The scheme was simple and sinister: The companies would advertise cheap services, often buoyed by fake websites referring to them as “trusted interstate movers.”

Then, after the contract was signed — and sometimes after the couches, china and tchotchkes were on trucks — prosecutors said Mr. Moroz’s companies would spring the surprise fees, with drivers threatening to hold the items hostage until customers paid up, sometimes double or even triple the estimate.

Some customers were also met with threats that their belongings would be auctioned if the furniture ransom weren’t paid. Even after that, prosecutors said, the return of the goods was often delayed by weeks or months, and sometimes items showed up damaged.

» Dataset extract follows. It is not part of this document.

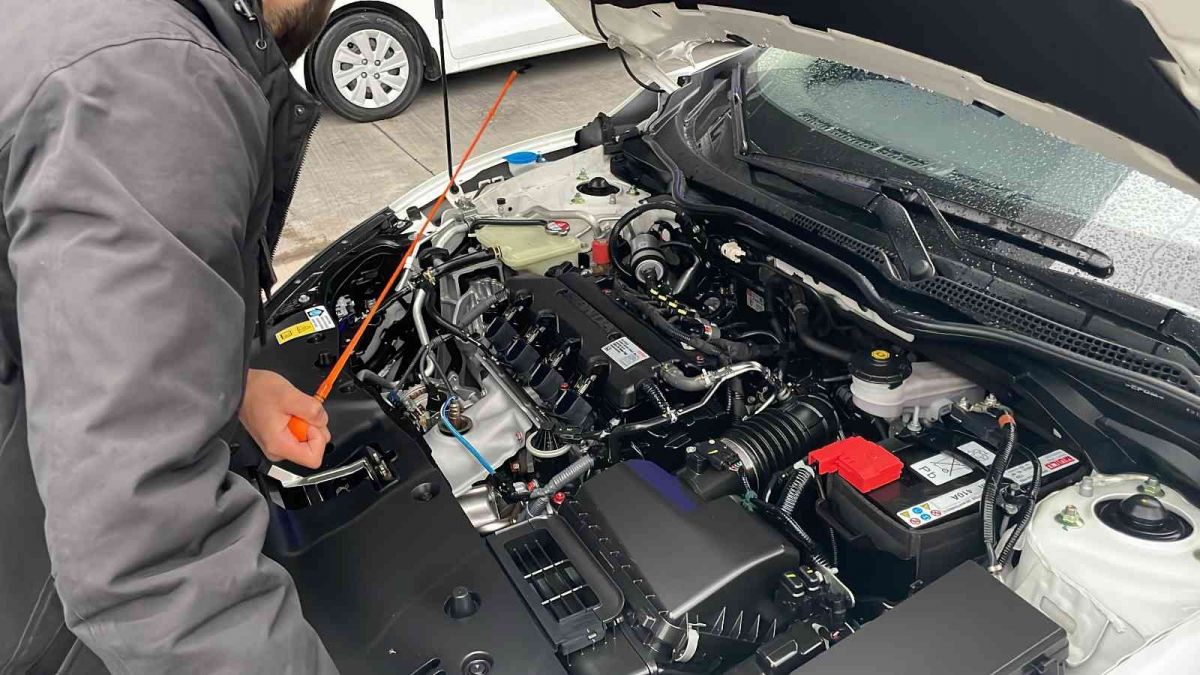 Yükselişe aldanmayın #5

Ms. Mak assisted with day-to-day operations and did customer service, while Mr. Prince was in charge of pitching potential customers, often charming them, according to testimony from several of those now-less-charmed customers during the weeklong trial.

Rogue movers aren’t uncommon: The federal Transportation Department’s Office of Inspector General has a most-wanted site, which includes some fugitives considered “armed and dangerous.” In February, a defendant convicted in a similar scheme was given a 18-month prison sentence in the Eastern District.

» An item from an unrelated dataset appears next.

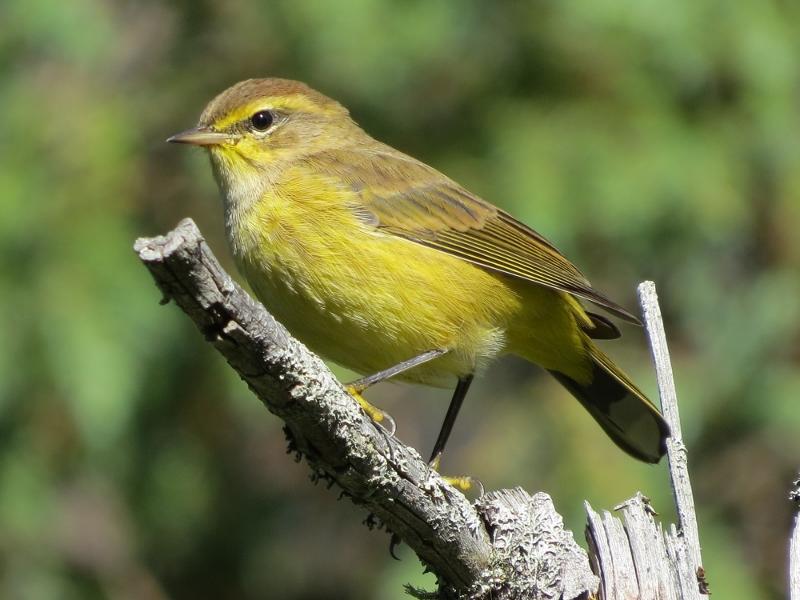 Palm Warbler by Joan Collins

Federal authorities say they have been cracking down, sending dozens of investigators out earlier this year “to address the significant uptick in complaints of movers holding household possessions hostage to extort exorbitant additional charges from consumers.”

Mr. Moroz, who had been under investigation for shady moving businesses before, is reported to have fled to Israel, according to the Daily News.

In the trial, defense attorneys had tried to suggest that Mr. Prince and Ms. Mak were just doing their jobs, including reading scripts to customers and passing along preset prices.

“Andre was a cog,” Carlos M. Santiago, Mr. Prince’s lawyer, said during his summation on Monday. “Nothing more, and nothing less.”

But the idea that Mr. Prince and Ms. Mak were oblivious to the scam was seemingly undercut by electronic messages that showed Ms. Mak laughing — “lol,” she wrote — at the idea of extorting more money from customers at their destinations. Prosecutors also introduced a meme sent to Mr. Prince by another salesperson showing a dog hiding behind curtain drapes, with the caption “me hiding from the customer on move day.”

“That is so accurate,” Mr. Prince responded, with a laughing emoji.

Jeffrey Pittell, Ms. Mak’s lawyer, also suggested Monday that surprising fees were simply part of modern existence, noting his own recent displeasure at a hefty surcharge to buy tickets for a Rolling Stones show.

“It’s just part of life,” Mr. Pittell said.

In the end, however, the federal jury took less than three hours to return the verdicts.

The defendants are set to be sentenced in April, and each faces up to 20 years in prison. Both Mr. Pittell and Mr. Santiago declined to comment after the verdicts were announced.

In a statement, Mr. Peace called the moving scheme “despicable,” saying that it targeted victims “when they were most vulnerable and at the mercy of crooked movers holding their worldly possessions hostage.”